#### PROBLEM TO SOLVE
Return the whole listing exactly as written.

::: INFORMATION SUPPLIED

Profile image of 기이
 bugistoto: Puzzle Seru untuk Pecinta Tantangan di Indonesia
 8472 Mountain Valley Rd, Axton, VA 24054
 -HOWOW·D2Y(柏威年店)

::::::

#### RESULT FOR THIS EXERCISE
Profile image of 기이
 bugistoto: Puzzle Seru untuk Pecinta Tantangan di Indonesia
 8472 Mountain Valley Rd, Axton, VA 24054
 -HOWOW·D2Y(柏威年店)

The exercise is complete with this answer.